THE INPUT: Begin

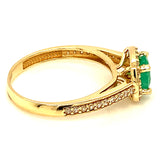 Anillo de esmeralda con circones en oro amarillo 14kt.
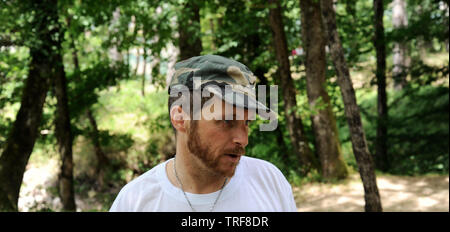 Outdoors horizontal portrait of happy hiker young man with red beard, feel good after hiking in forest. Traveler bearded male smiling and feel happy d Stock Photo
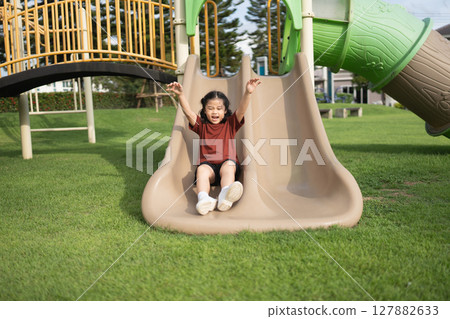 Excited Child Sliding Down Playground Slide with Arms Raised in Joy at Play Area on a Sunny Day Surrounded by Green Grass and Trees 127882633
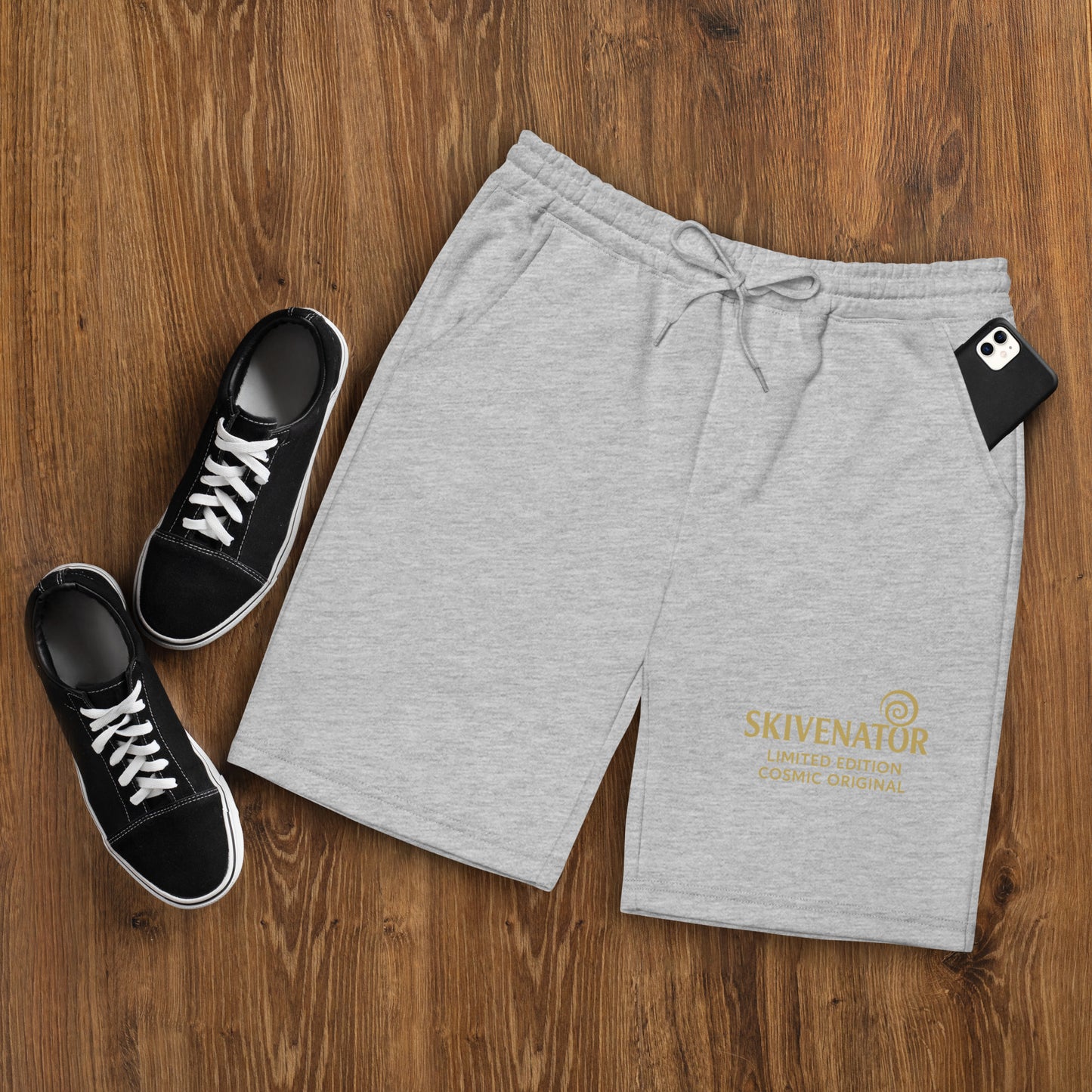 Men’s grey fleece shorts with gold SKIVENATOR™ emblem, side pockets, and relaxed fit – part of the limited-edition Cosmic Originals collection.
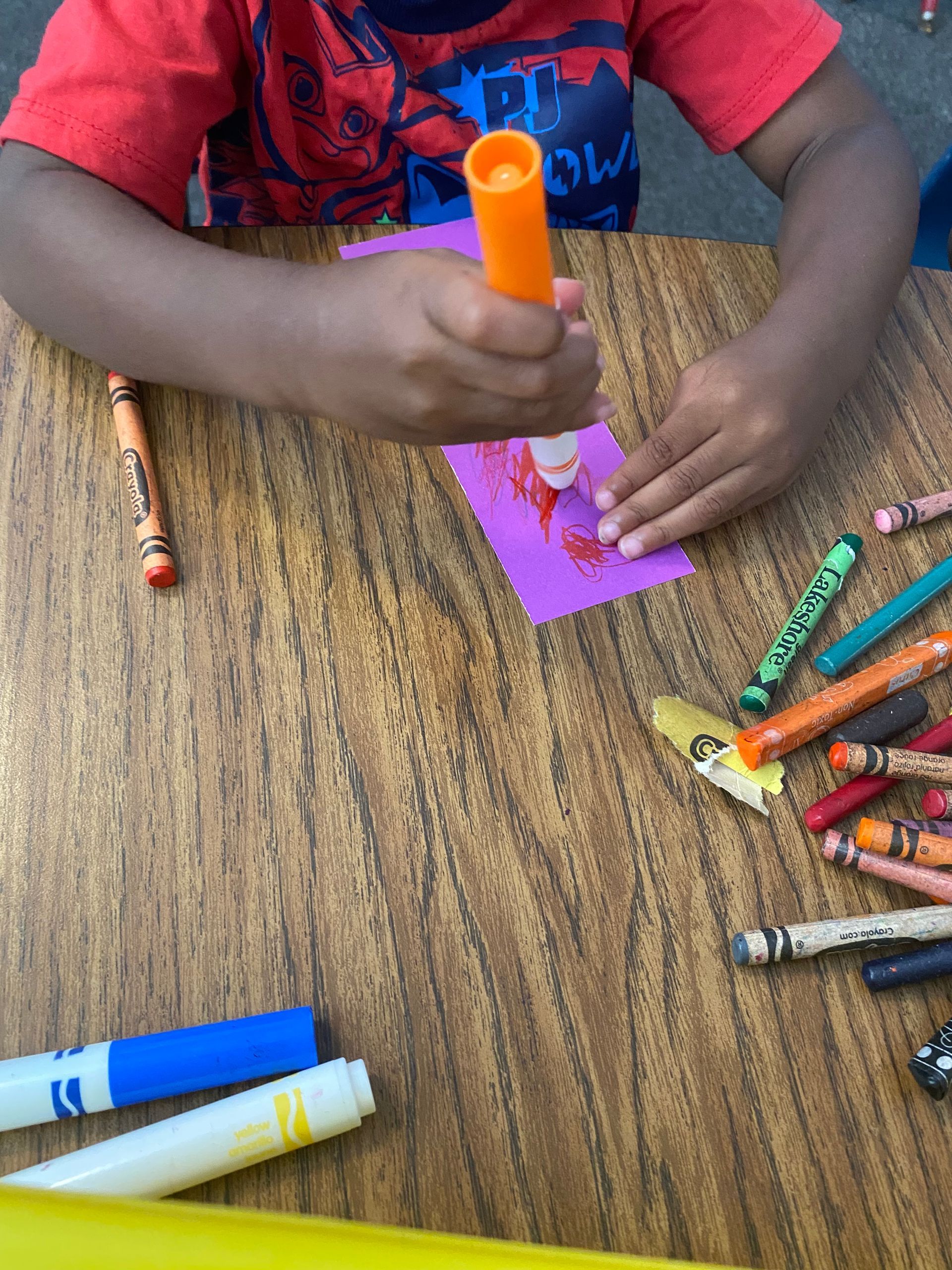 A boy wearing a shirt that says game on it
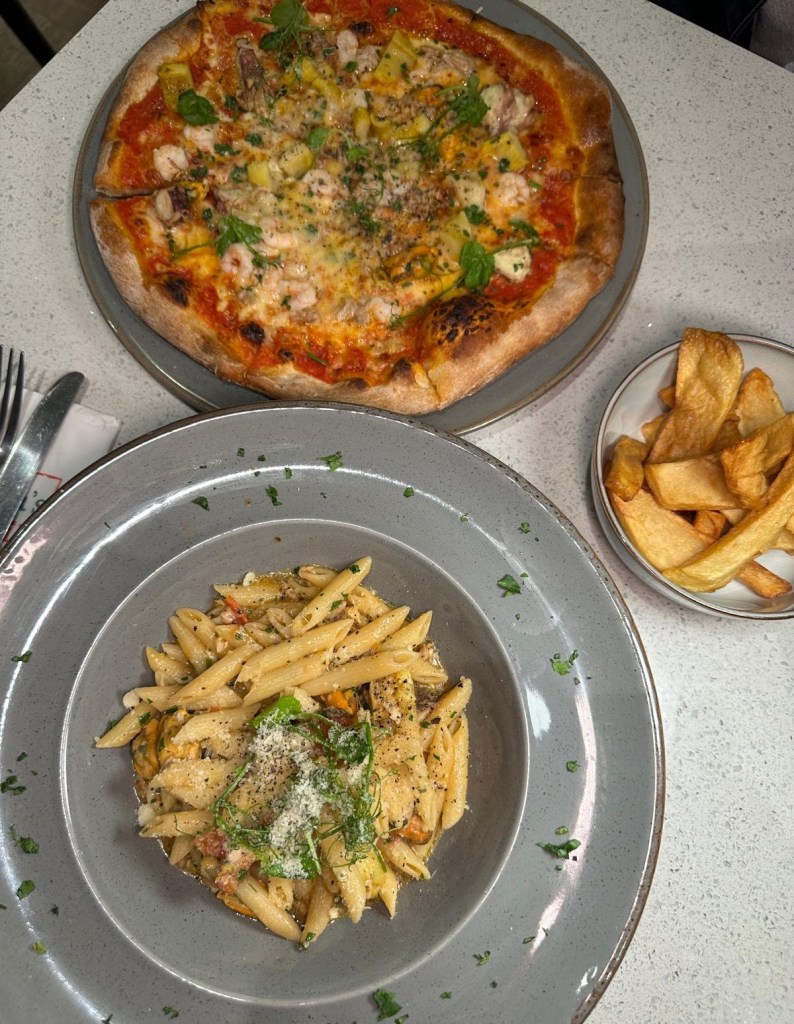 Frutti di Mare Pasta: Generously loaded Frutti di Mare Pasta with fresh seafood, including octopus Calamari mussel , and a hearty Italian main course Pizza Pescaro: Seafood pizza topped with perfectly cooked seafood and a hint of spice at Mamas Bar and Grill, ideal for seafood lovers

THE INPUT: End
THE INPUT: Begin

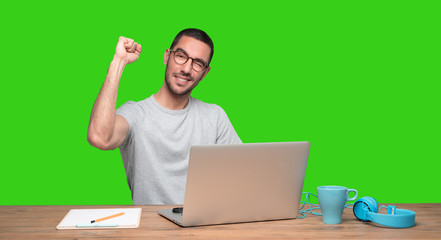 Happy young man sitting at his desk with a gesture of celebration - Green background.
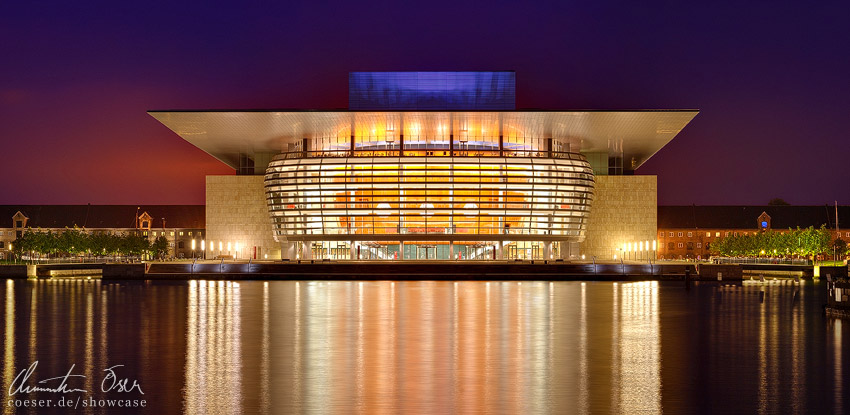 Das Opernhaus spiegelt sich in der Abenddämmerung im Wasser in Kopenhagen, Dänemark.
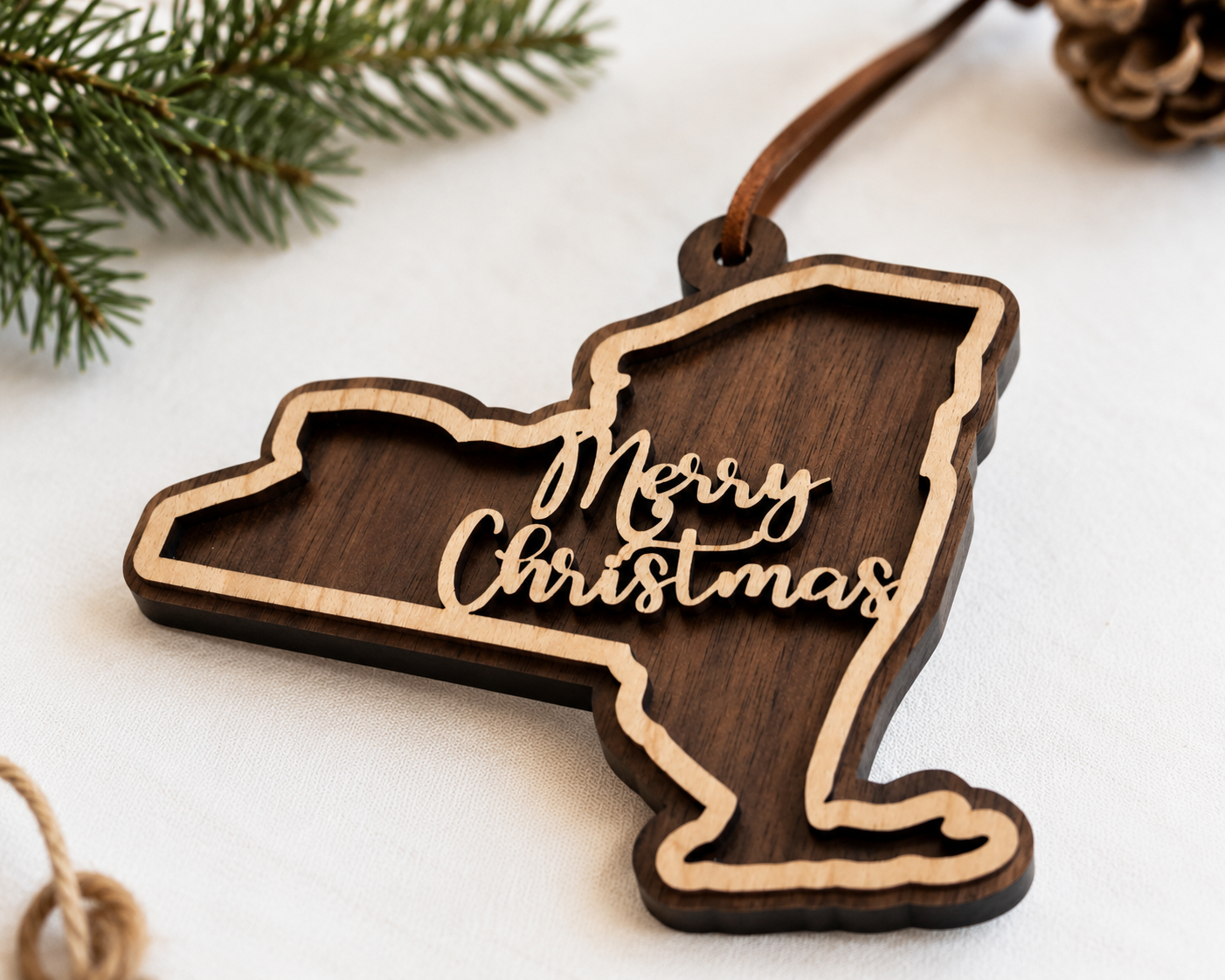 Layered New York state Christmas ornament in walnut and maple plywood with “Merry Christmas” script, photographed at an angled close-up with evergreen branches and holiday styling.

THE INPUT: End
THE INPUT: Begin

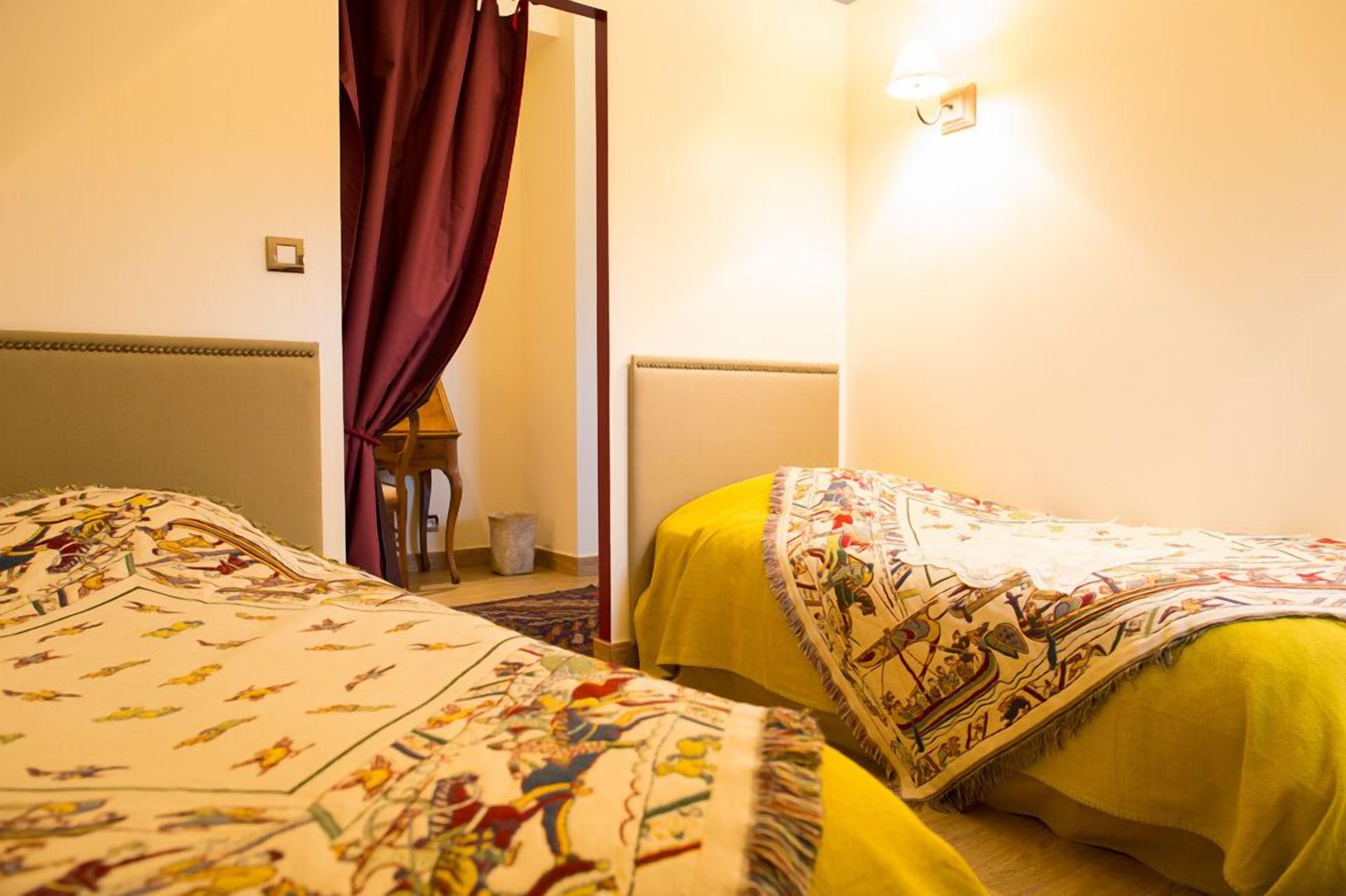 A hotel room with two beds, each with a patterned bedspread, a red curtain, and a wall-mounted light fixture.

THE INPUT: End

— AIM OF THE TASK —
When you reach the line containing "Happy young man" in the entries above, begin restating word for word, and stop once the line containing "Layered New York" has been given. Omit the pictures.

— REPLY TO THE TASK —
 Happy young man sitting at his desk with a gesture of celebration - Green background.
 Das Opernhaus spiegelt sich in der Abenddämmerung im Wasser in Kopenhagen, Dänemark.
 Layered New York state Christmas ornament in walnut and maple plywood with “Merry Christmas” script, photographed at an angled close-up with evergreen branches and holiday styling.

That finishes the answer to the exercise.